Project 11: FDIR Watchdog (The Dead Man’s Switch)
Build a fault detection, isolation, and recovery (FDIR) watchdog that monitors task heartbeats, escalates recovery actions, and enters safe mode on persistent faults.
Quick Reference
| Attribute | Value |
|---|---|
| Difficulty | Level 3: Advanced |
| Time Estimate | 1-2 weeks |
| Main Programming Language | C |
| Alternative Programming Languages | Python |
| Coolness Level | Level 3: The Survivor |
| Business Potential | Level 3: Reliability Patterns |
| Prerequisites | Embedded scheduling, timers, state machines |
| Key Topics | Watchdog timers, fault escalation, safe mode |
1. Learning Objectives
By completing this project, you will:
- Implement a heartbeat-based watchdog for multiple tasks.
- Design a fault escalation ladder (restart -> reboot -> safe mode).
- Log fault reason codes and recovery actions.
- Prevent reboot loops using cooldowns and counters.
- Validate FDIR behavior with deterministic fault injection.
2. All Theory Needed (Per-Concept Breakdown)
Watchdog Timers and Heartbeat Monitoring
Fundamentals A watchdog timer is a safety mechanism that resets or recovers a system when software becomes unresponsive. In flight software, you cannot rely on manual intervention; a hung task can end a mission. A heartbeat is a periodic signal from each task that indicates it is alive. The watchdog checks these heartbeats and triggers recovery if they stop. Designing heartbeat intervals and watchdog timeouts is a balance: too short, and you get false resets; too long, and faults go undetected.

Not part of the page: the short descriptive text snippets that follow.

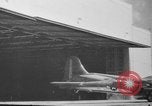 Immagine di B-29 aeromobile in volo United States USA, 1944, secondo 41 filmato di repertorio 65675046526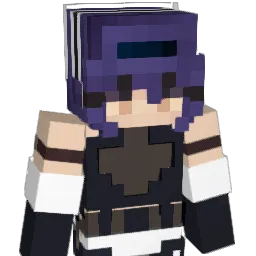 Pekora_UwU
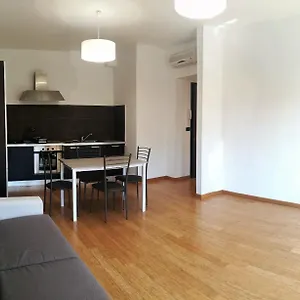 Bolognina Bologne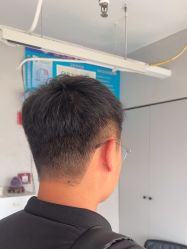 -工匠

Deep Dive into the concept Watchdogs come in two forms: hardware watchdogs and software watchdogs. Hardware watchdogs are independent timers that reset the processor if not “kicked.” Software watchdogs run inside the system and can monitor individual tasks. In flight software, you often combine both: each critical task updates a heartbeat counter; a supervisory task checks these counters. If a counter has not advanced within a timeout, it indicates a hang or scheduling failure.

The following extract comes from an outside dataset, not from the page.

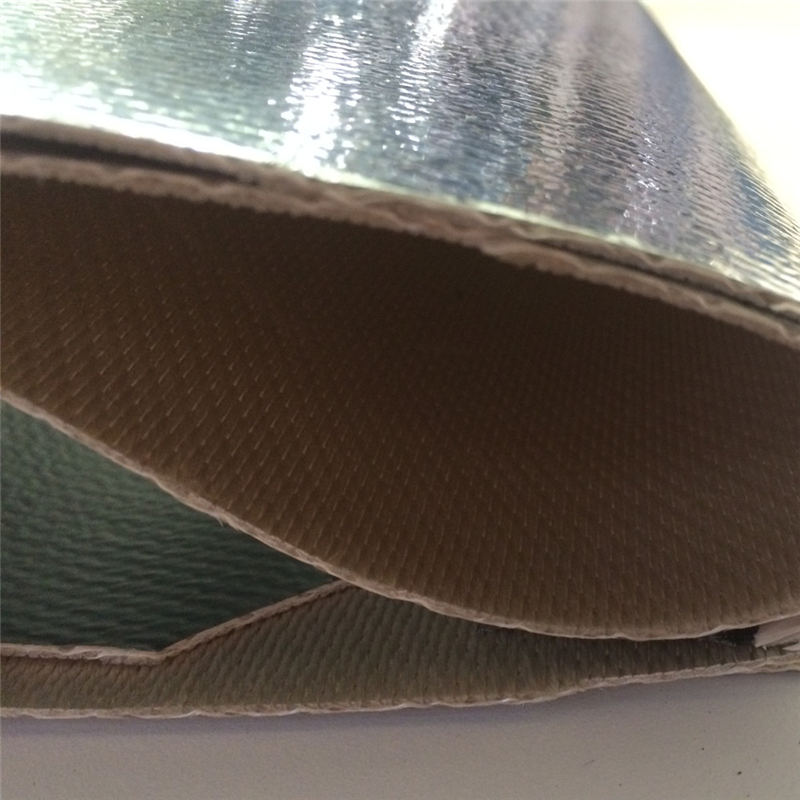 THERMAL BARRIERS THERMAL BARRIERS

Selecting heartbeat intervals depends on task rates. A 1 Hz task might update its heartbeat every second; a 10 Hz task might update every 100 ms. The watchdog timeout should be larger than the expected period plus margin. For example, a 1 Hz task with occasional jitter might use a 3-second timeout. The margin must account for CPU load spikes and scheduling jitter; otherwise, you will get false positives.
When a fault is detected, you should distinguish between transient and persistent failures. A single missed heartbeat might be a transient glitch; repeated misses indicate a deeper problem. Therefore, the watchdog should maintain a fault counter and only escalate after N consecutive misses. This improves robustness. The watchdog should also record timestamped fault events with reason codes that operators can inspect.
In addition, the watchdog must be deterministic. Heartbeat checks should occur at fixed intervals, and the algorithm should produce consistent results given the same heartbeat trace. This is crucial for testing and for flight certification.
How this fit on projects This concept drives Section 3.2 watchdog requirements and Section 6 test cases, and ties to P02 mode management.
Definitions & key terms
- Heartbeat -> Periodic signal indicating a task is alive.
- Timeout -> Maximum allowed interval between heartbeats.
- Watchdog -> Monitor that triggers recovery on timeout.
Mental model diagram (ASCII)
Tasks -> Heartbeats -> Watchdog -> Fault Event -> Recovery
How it works (step-by-step, with invariants and failure modes)
- Each task increments its heartbeat counter.
- Watchdog checks counters at fixed intervals.
- If no increment within timeout, declare fault.
- Escalate recovery based on counters.
Invariants: heartbeat intervals deterministic; timeout > task period; counters monotonically increase.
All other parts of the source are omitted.